Statistical test for survey question with 3 response option 'Yes' 'No' 'Not sure' I am looking for solution for a problem related to social science survey. The problem is.... Suppose my hypothesis is “Majority of customers prefer my new product” – which I want to establish through statistical test. So I have set the question in questionnaire that [“Do you prefer my new product?” with 3 response options ‘Yes’, ‘No’, ‘Not sure’] and completed a survey from 100 respondents. From which I received that 80% respondents replied for ‘Yes’, 15% for ‘No’ and 5% for ‘Not sure’. Now what statistical test should I do to establish the above result so that I can conclude that “Majority prefer my new product”, is it Binomial Test, or One-sample T Test, or Z Test, or something else? Please help in details.
 A: You map the responses to your definition of 'prefer':
    Response:             Prefers new product?

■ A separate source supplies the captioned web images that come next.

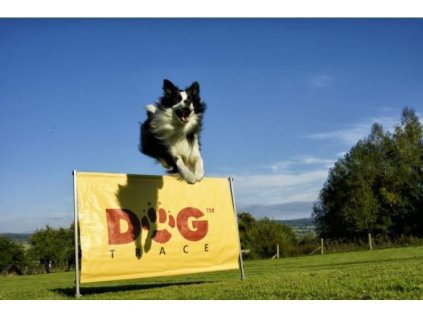 dogtrace 710 1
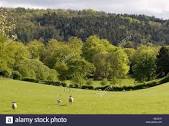 wendover woods.download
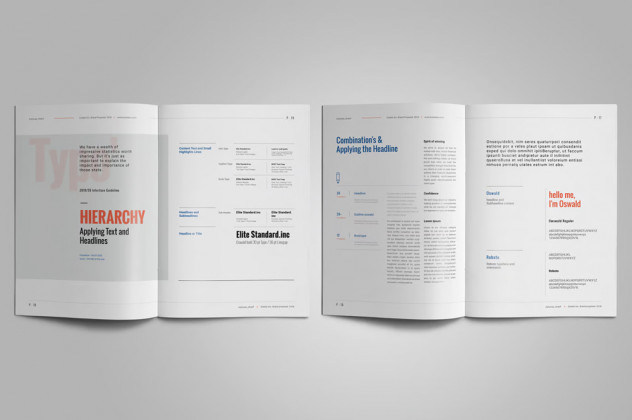 Brand Manual Brochure Design preview #9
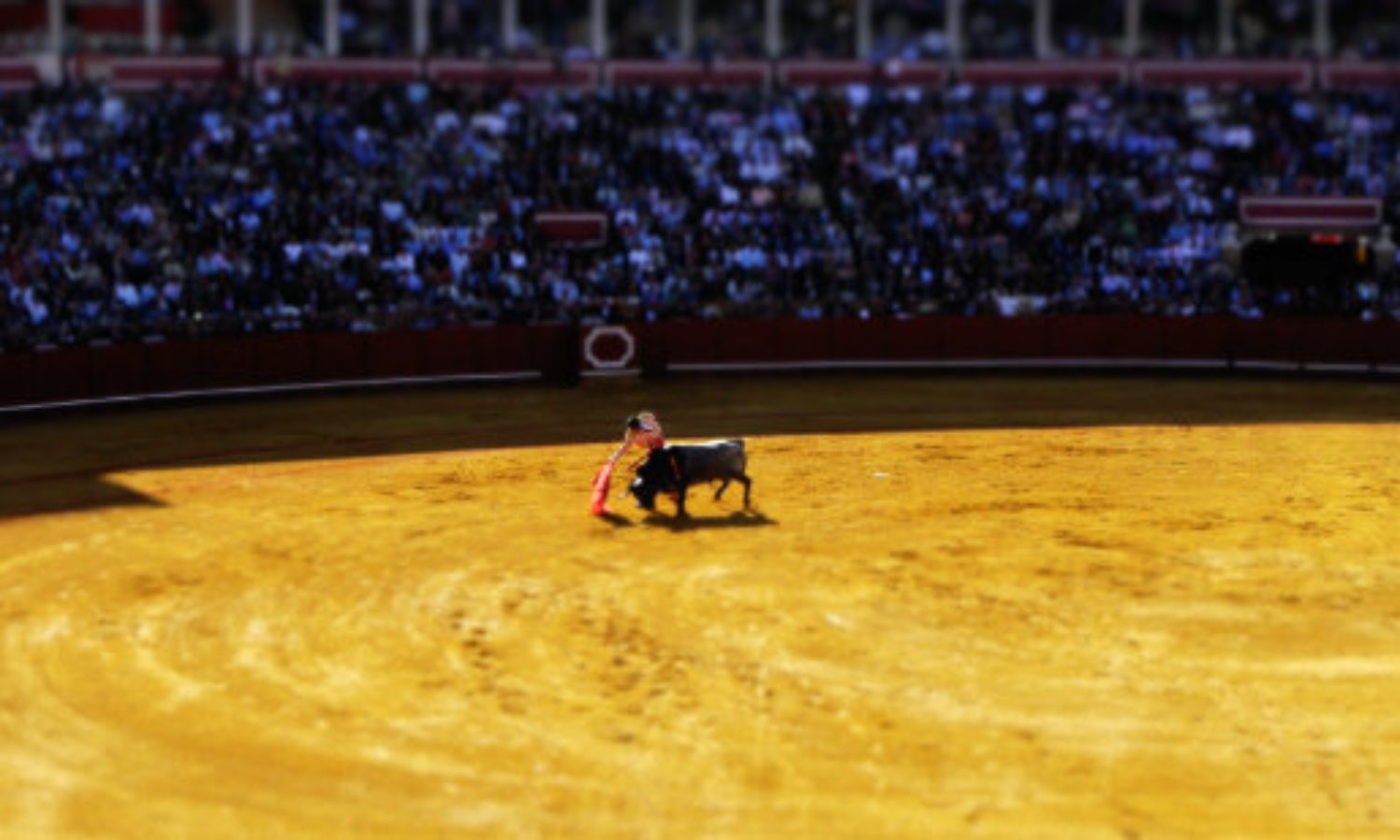 Torero in bull fight in tilt shift video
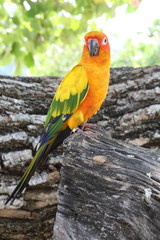 Parrots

     Yes                   yes
     Don't know            no
     No                    no

Keep in mind that a majority is >50%. Obviously you're not interested in whether  a majority of your sample prefers it (you don't need a statistical test for that). You want to see if your sample result is more than could be explained by random variation about a population quantity that wasn't a majority.
The next thing to worry about is whether you're doing a one-sided or two-sided test. From what you say in your question I assume you want one-sided - that is, to test the null that no more than 50% of the population prefer the new product against the alternative that a majority prefer it. It may be that instead you want to pick up a majority in either direction, which would be a two-sided alternative.
So for the one-sided test you have 
$H_0: \text{no more than 50% prefer the new product}\qquad$   versus
$H_1: \text{a majority prefer the new product}\qquad$ 
And you compare your sample proportion (of 80 out of 100) with the highest population proportion under the null.
You'd use a binomial test for this, though with $n=100$, you'd be able to use the normal (z-test) approximation.